Nearby attractions include Jardin du Luxembourg (Luxembourg Garden) and Saint-Germain-des-Prés neighborhood. You can access Saint-Sulpice via Metro line 4, stopping at Saint-Sulpice.
This little-known Baroque-style church is located in Paris’ fourth district. Built between 1627 and 1641, with funding from Louis XIII, this is the first church not constructed in the Gothic style in France. Visitors will easily find it thanks to its immense façade standing in contrast with the shops and restaurants in this hip neighborhood. Inside, high-domed ceiling and chandeliers will leave a mark on visitors.
In this area you can also visit the Marais neighborhood. Saint-Paul Saint-Louis can be reached by taking Metro line 1, and getting off at Saint-Paul.
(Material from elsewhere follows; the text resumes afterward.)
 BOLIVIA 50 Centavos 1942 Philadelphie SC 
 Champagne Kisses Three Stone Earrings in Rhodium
Dating back to 542, this church is one of Paris’ oldest. It also represents the only remaining example of the Romanesque-style in Paris. While most of the original structure was destroyed by Norman invaders, and later during the French Revolution, original marble columns still stand. The church is also the final resting ground of French philosopher René Descartes. A definite must-see for history buffs.
Nearby attractions include Café Les Deux Magots and Café de Flore. Saint-Germain-des-Prés can be reached with Metro line 4, getting off at Saint-Germain-des-Prés.
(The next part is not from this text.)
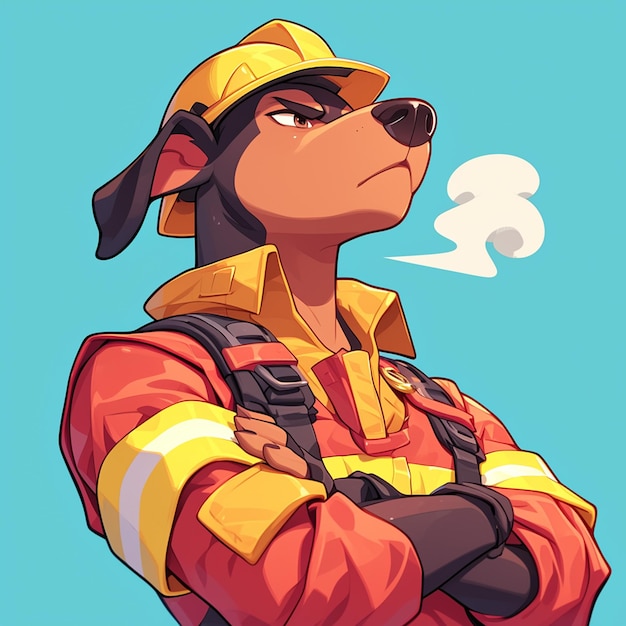 Vector a vigilant dog firefighter cartoon style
This church is located close to the Panthéon in Paris, and it features the most unique architecture, the rood screen. This carved screen was a separation wall built to distinguish places among the common people and the ecclesiastics. This impressive architecture was built between the years of 1492 and 1626, and it rests the shrine of St. Geneviève, and the tombs of French writers Blaise Pascal and Jean Racine. Described as one of the most beautiful churches in Paris, the colorful history and unique architectural elements attracts tourists from all over the world. Tourists will find the interiors mesmerizing and can admire the nave, the chancel, the wooden pulpit and the organ which has ninety stops and four keyboards. Nearby attractions include Arènes de Lutèce and Place De L'arbé Basset. You can reach Saint-Étienne-du-Mont via Metro line 4 and 10 from Gare du Nord or take bus 47 from Gare du Nord.
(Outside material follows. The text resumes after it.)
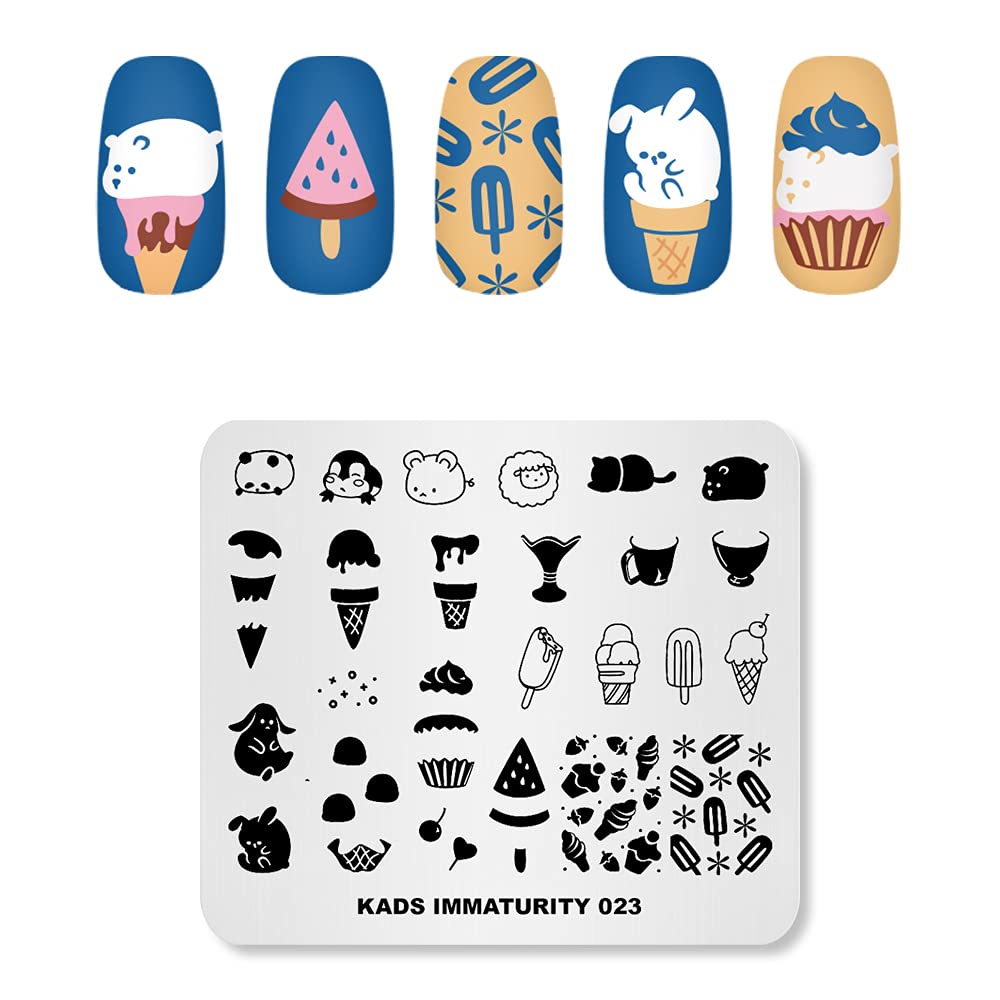 Nail Stamping Plate Stainless Steel Nail Plates Template Nail Polish Stamping Ice Cream Cute Animals Image Stencil Manicure Printing Design (IM023)-image-19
Located in Paris, this Roman Catholic church was formerly built into an ancient temple in honor of Napoleon’s army. After his fall, this piece of architecture was demolished and a beautiful church was built in honor of St Mary Magdalene in the year 1842. Visitors will love a visit to this church and they can offer their prayers inside the neoclassical façade. Inside, tourists will appreciate the dimly lit nave with three domes, the statue of St Mary Magdalene and the organ. Nearby attractions include, Chapelle expiatoire, Palais Garnier and Place Vendôme. You can access La Madeleine via Metro lines 8, 12 and 14, stopping at Madeleine.
Make a trip to one or more of these churches
With so many churches to visit in Paris, it may be overwhelming to choose which ones are worth your time. Rest assured that the churches on this list were chosen based on their individual merits (architecture, artifacts, and art), as well for their proximity to other popular sites in Paris. In other words, you won’t have to go out of your way to find these churches. Make sure to visit at least one during your stay in Paris!